Да. Ты умеешь писать свое имя. И ты можешь отрицать существование воробьев. Очень хорошо. Но почему ты хочешь вернуться к написанию романа. Почему это столь важно? Настолько важно, что надо убивать людей?

«Если я не буду писать, я умру», — вывел карандаш.

— Что это означает? — пробормотал Тад, и он почувствовал, как дикая надежда овладевает его головой. Неужели все так просто? Он предполагал, что это возможно, особенно для писателя, у которого нет другого дела. Боже, в мире достаточно настоящих писателей, которые не могут существовать, если не занимаются творчеством или чувствуют, что не могут уже творить… и, в случаях с людьми типа Эрнеста Хемингуэя, они действительно приходят к столь печальному концу, это верно?

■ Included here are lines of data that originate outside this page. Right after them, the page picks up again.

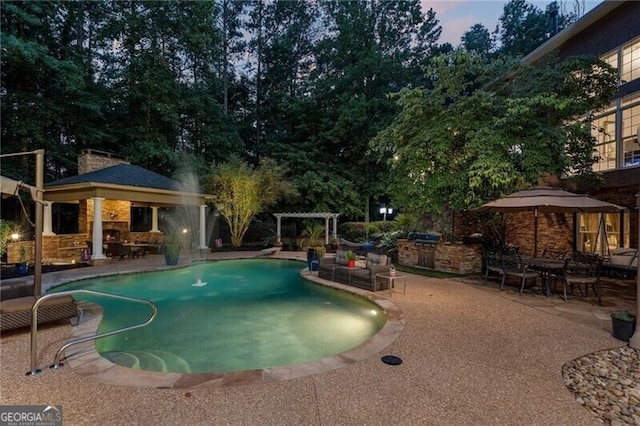 pool at dusk with exterior kitchen and a patio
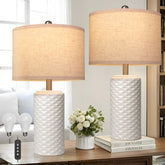 FINCMY 23-inch bedside lamp set on a nightstand enhances bedroom decor.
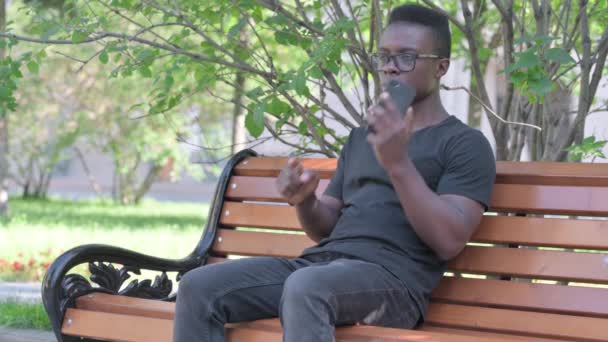 非洲年轻人坐在户外的长椅上 一边打电话一边聊天 — 图库视频影像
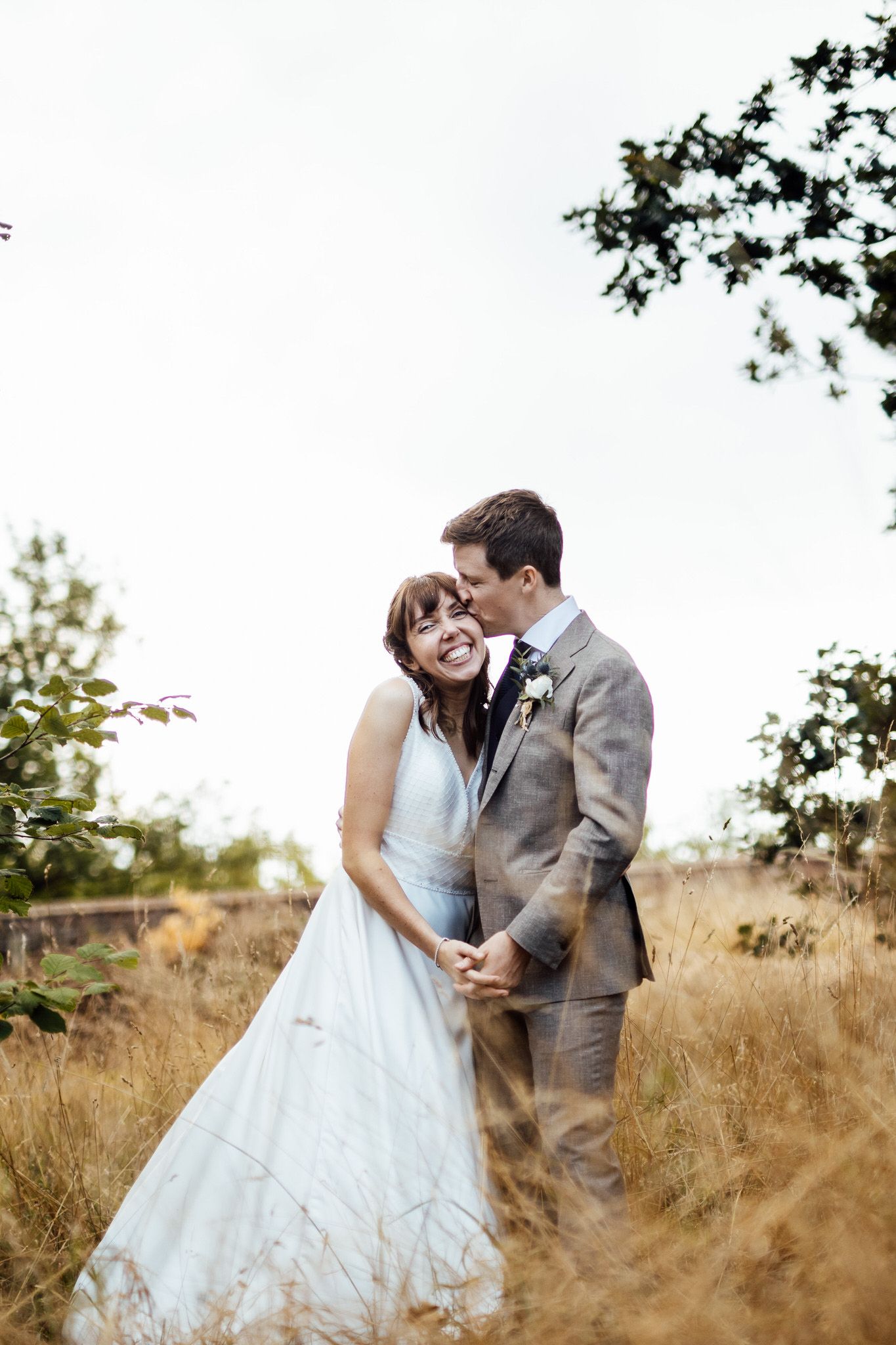 Romantic wedding portraits in a golden field with tall grass during sunset.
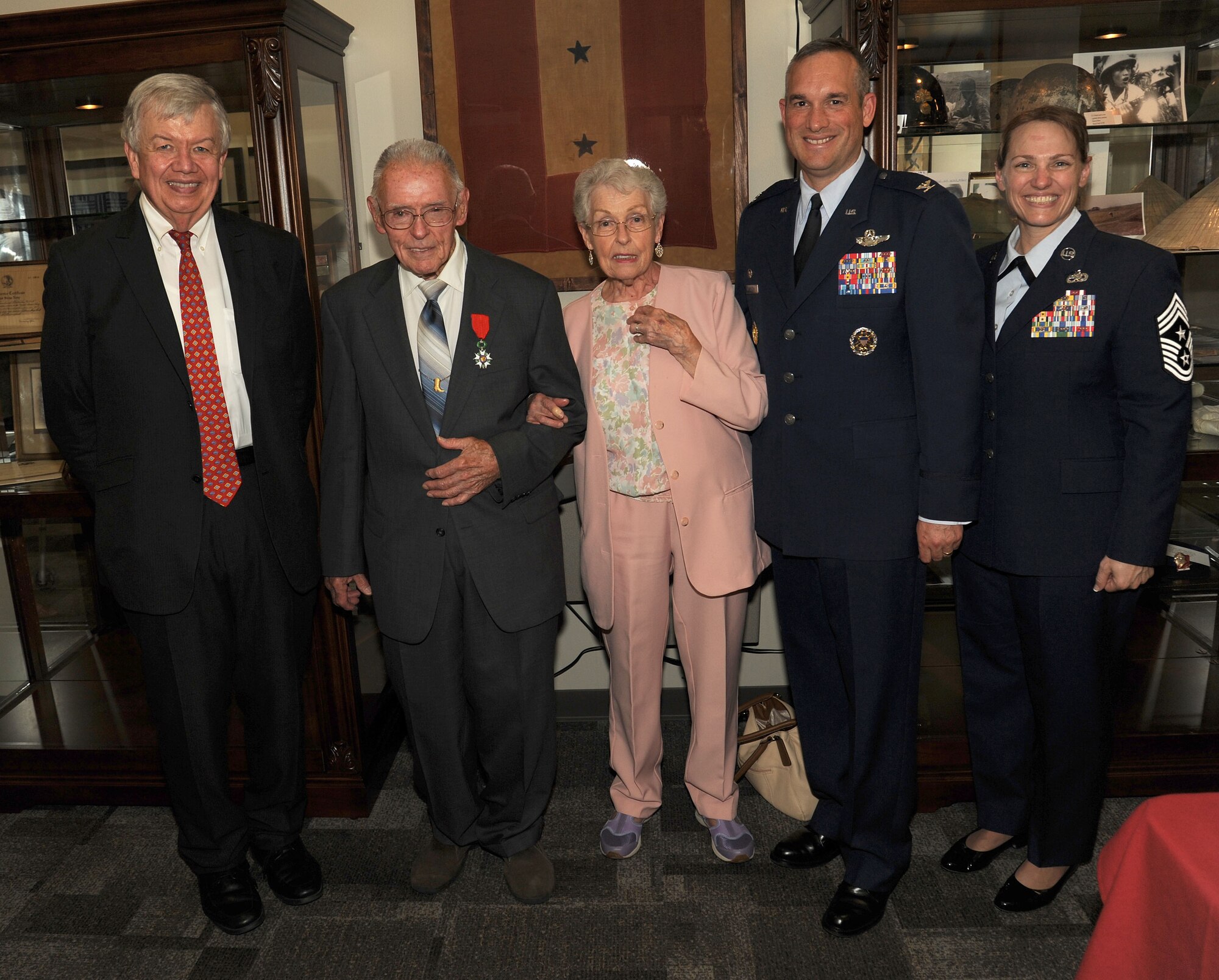 Jack Cowan, Honorary Consul of France, Mr. Del Casper, Army Air Corps B-17 gunner, Mrs. Grace Casper, Col. Brian Newberry, 92nd Air Refueling Wing commander, and Chief Master Sgt. Wendy Hansen, 92nd Air Refueling Wing command chief, pose for a picture during Casper's French Legion of Honor medal ceremony at the Spokane Veterans Center in Spokane Valley, Wash., July 15, 2013.  Casper received the medal for his bravery during WWII.  (U.S. Air Force photo by Senior Airman Samantha Krolikowski/Released)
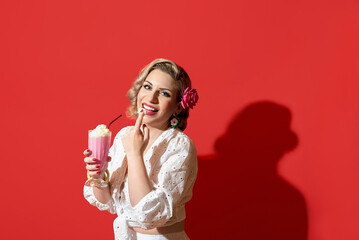 Woman drinking a milkshake against a red background. Retro style woman portrait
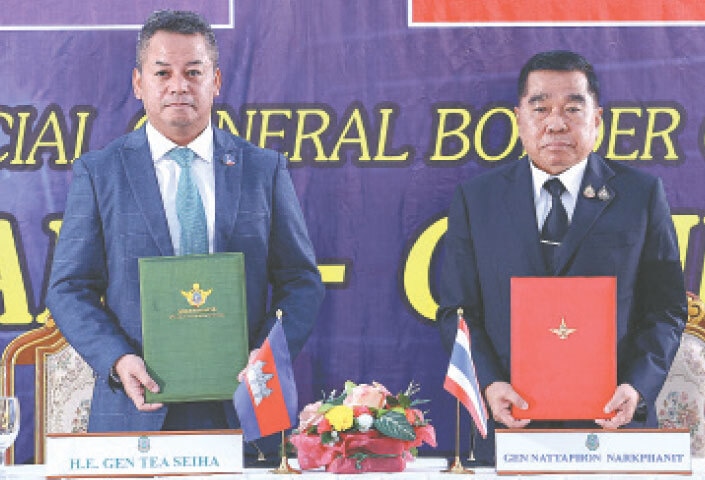 Cambodian Defence Minister Tea Seiha and his Thai counterpart Nattaphon Narkphanit pose with ceasefire documents.—AFP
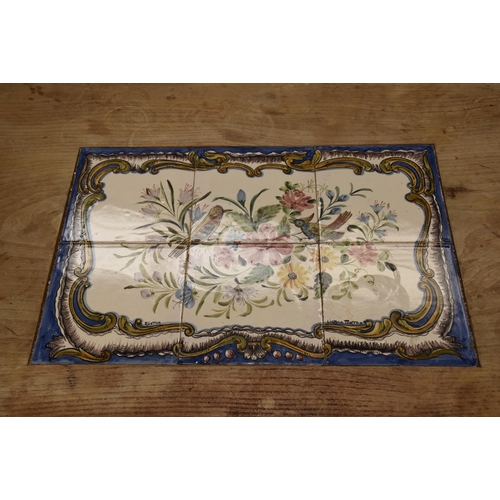 15 - A rustic elm coffee table inset with ceramic tiles, 120 x 62cm, standing 48cm high.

Карандаш дрогнул, затем провел долгую ломаную линию ниже последней фразы. Она сильно смахивала на голосовой отпечаток.

— Продолжай, — прошептал Тад. — Что ты хочешь еще сказать?

«Распадаюсь НА ЧАСТИ», — написал карандаш. Буквы были корявые и сопротивлялись при выведении их на бумаге. Карандаш дергался и скользил между пальцев, которые были бело-воскового цвета.

«Если я нажму еще сильнее, — подумал Тад, — это все просто развалится».

«Теряешь… теряешь необходимую связь. Там нет птиц. ТАМ НЕТ ЧЕРТОВЫХ ПТИЦ! Ох ты сукин сын вылезай из моей головы!»

Вдруг рука Тада отдернулась. В то же время карандаш подпрыгнул и выскочил из пальцев словно под влиянием гипнотизера, и Тад схватил его ладонью, как кинжал.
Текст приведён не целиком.